About this task: At the line with "Comme des Garçons", start transcribing; stop after the last line of the data below. Keep it exact and leave pictures out.

Given records:
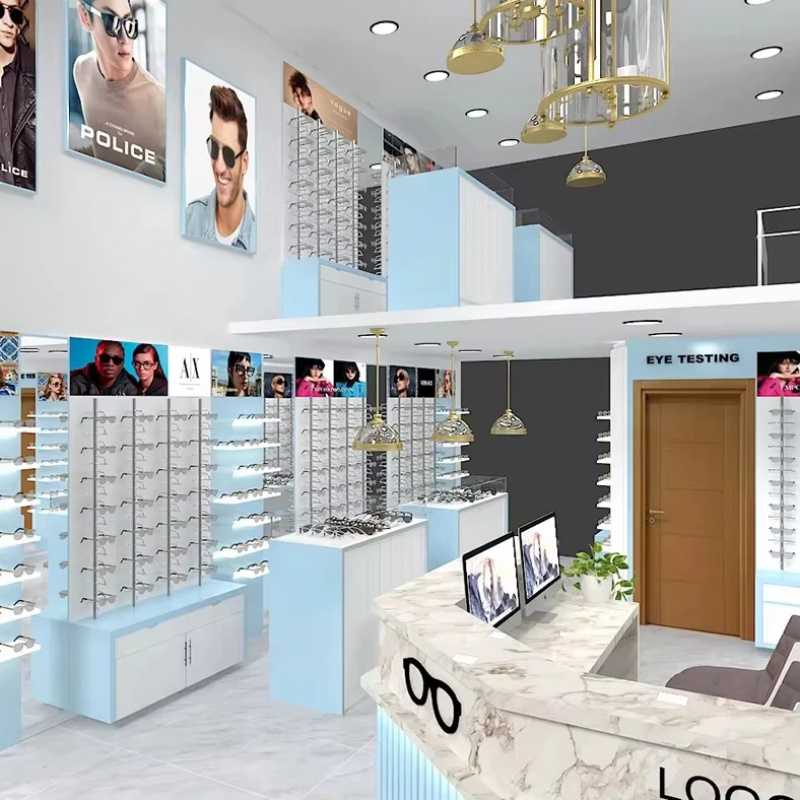 Interior Design Usa - custom.Custom LED-Lit Wooden Eyewear Display Cabinets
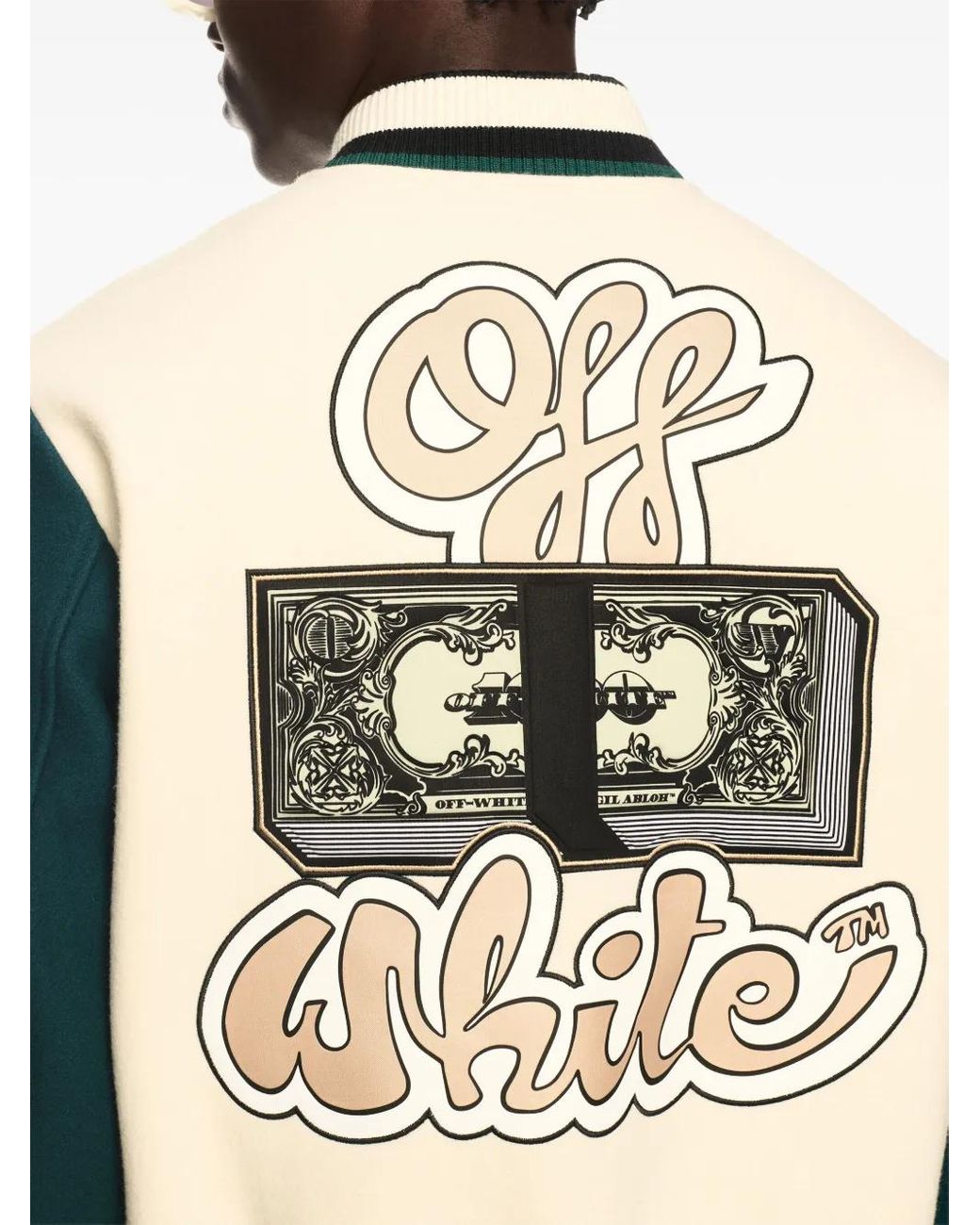 Off-White c/o Virgil Abloh Blue Cash Wool Varsity Jacket for men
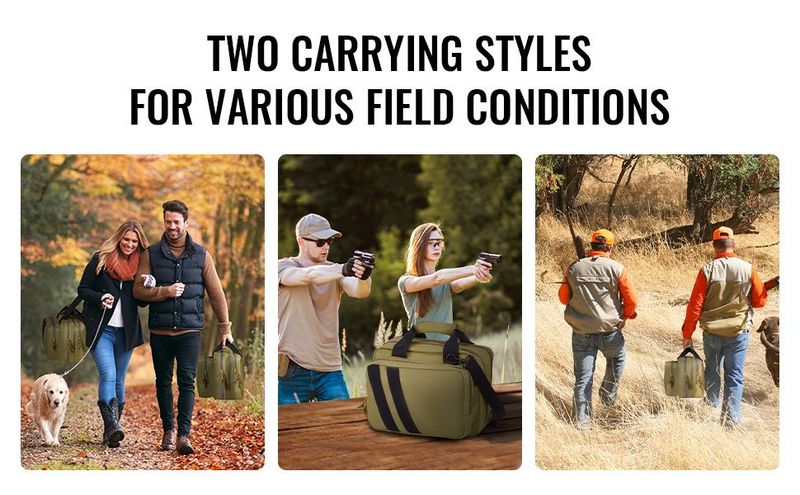 VEVOR Range Bag For 2 Pistols Tactical Gun Bag 2 Built-in Pistol Bags Brown, Range Bag For Handguns Gun Case Bag With Lockable Zipper For Shooting Range Outdoor Hunting_voghion.com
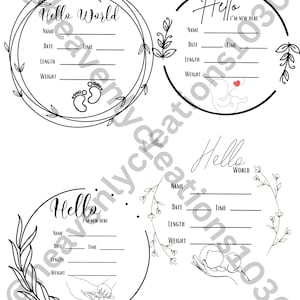 Round Baby Announcement Sign Svg, Baby Announcement Svg, Baby Photo Prop Svg, Baby Birth Announcement Svg, Hello World Svg, Baby Glowforge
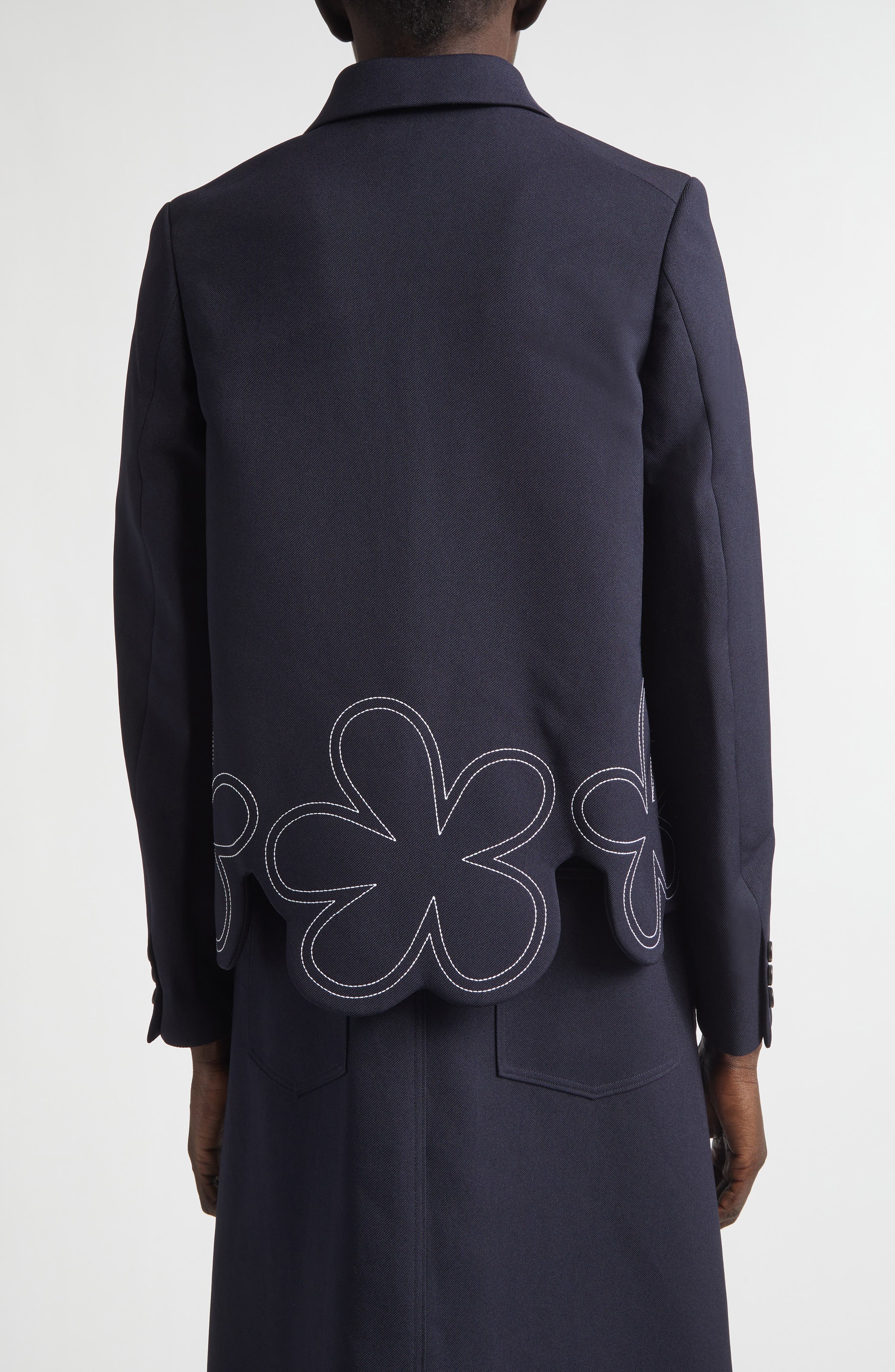 Comme des Garçons Girl Floral Embroidered Gabardine Cutaway Jacket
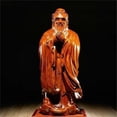 thumbnail image 1 of Rosewood carved Confucius statue, a solid wood figure sculpture of the sage Confucius, a rosewood craft gift., 1 of 4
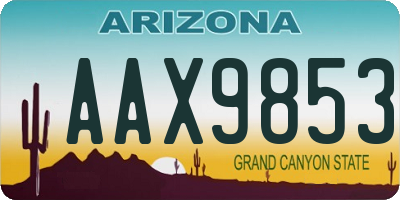 AZ license plate AAX9853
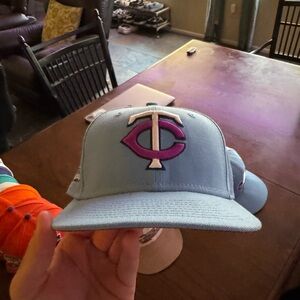 New Era Light Blue and Purple Cap 7 1/8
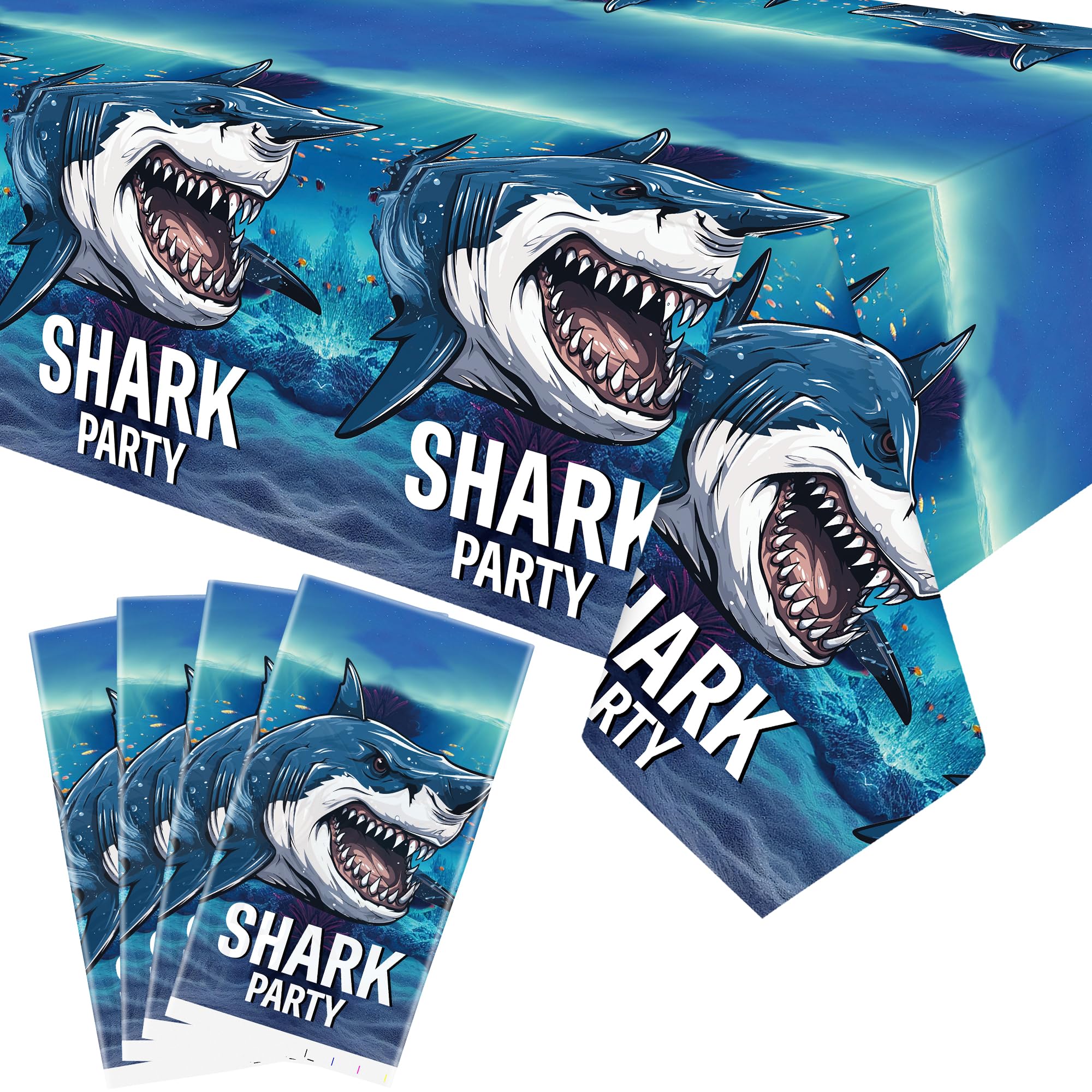 LSJDEER4 Pack Shark Party Tablecloth - Shark Decorative Table Cover Ocean Shark Party Table Cloth, Underwater Shark Themed Party Decoration Supplies (51 x 86 Inches)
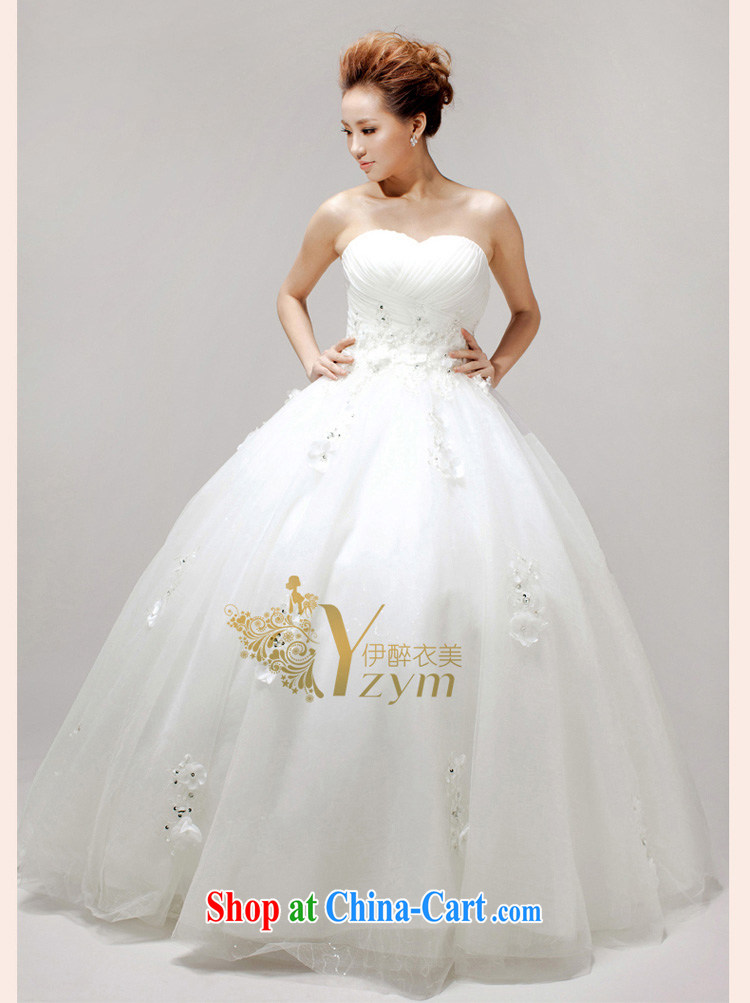 The drunken Yi Mei pregnant women wedding summer 2015 new bride's big, thick MM Korean-style with bare chest wedding marriage bridal wedding dresses lace drill white custom pictures, price, brand platters! Elections are good character, the national distribution, so why buy now enjoy more preferential! Health
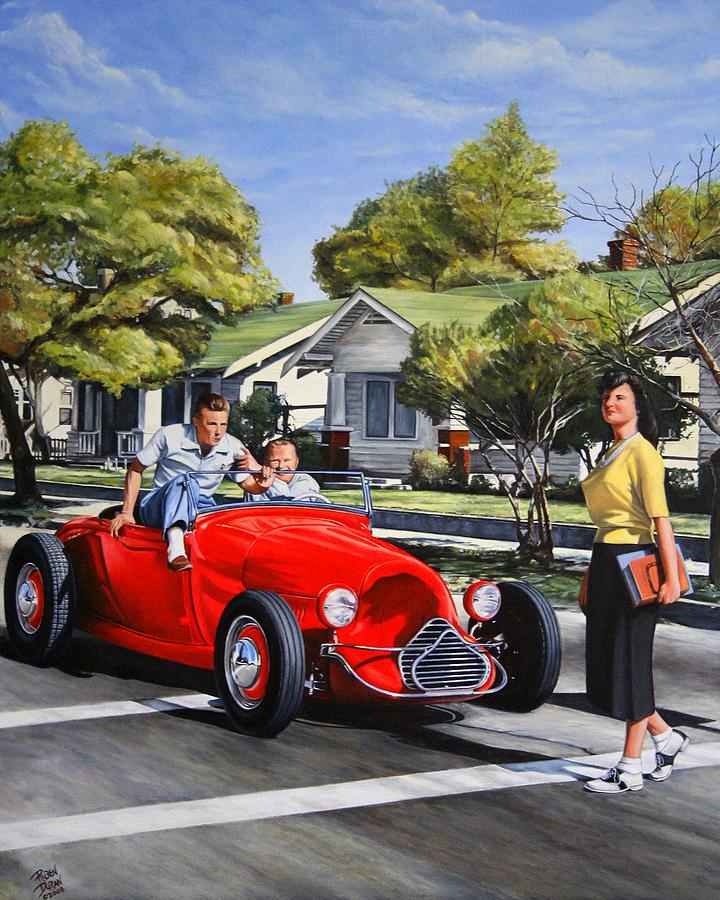 Hot Rod magazine cover Painting by Ruben Duran.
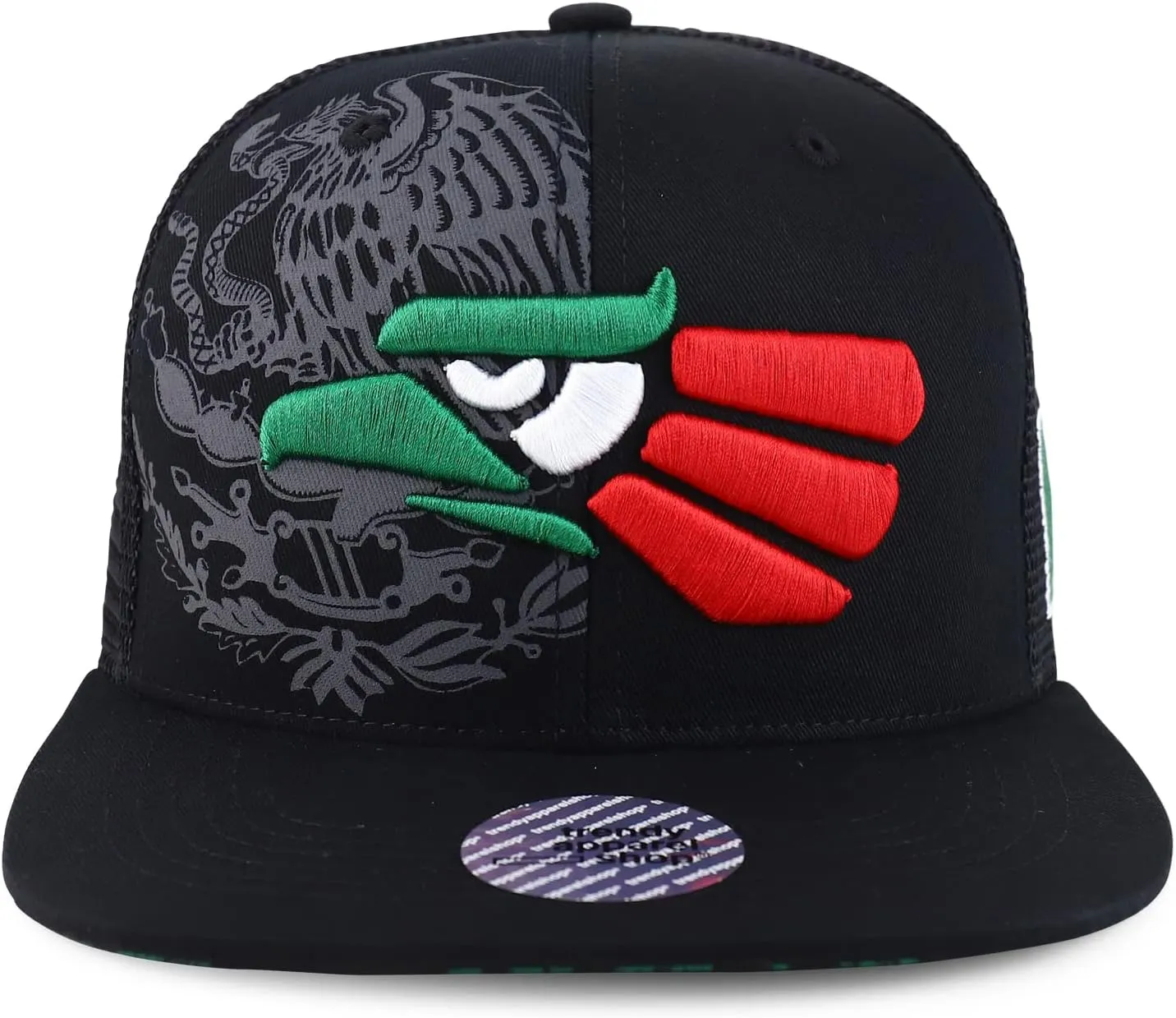 Trendy Apparel Shop Hecho En Mexico Eagle 3D Embroidered Flatbill Snapback Mesh Cap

Your response:
 Comme des Garçons Girl Floral Embroidered Gabardine Cutaway Jacket
 thumbnail image 1 of Rosewood carved Confucius statue, a solid wood figure sculpture of the sage Confucius, a rosewood craft gift., 1 of 4
 AZ license plate AAX9853
 New Era Light Blue and Purple Cap 7 1/8
 LSJDEER4 Pack Shark Party Tablecloth - Shark Decorative Table Cover Ocean Shark Party Table Cloth, Underwater Shark Themed Party Decoration Supplies (51 x 86 Inches)
 The drunken Yi Mei pregnant women wedding summer 2015 new bride's big, thick MM Korean-style with bare chest wedding marriage bridal wedding dresses lace drill white custom pictures, price, brand platters! Elections are good character, the national distribution, so why buy now enjoy more preferential! Health
 Hot Rod magazine cover Painting by Ruben Duran.
 Trendy Apparel Shop Hecho En Mexico Eagle 3D Embroidered Flatbill Snapback Mesh Cap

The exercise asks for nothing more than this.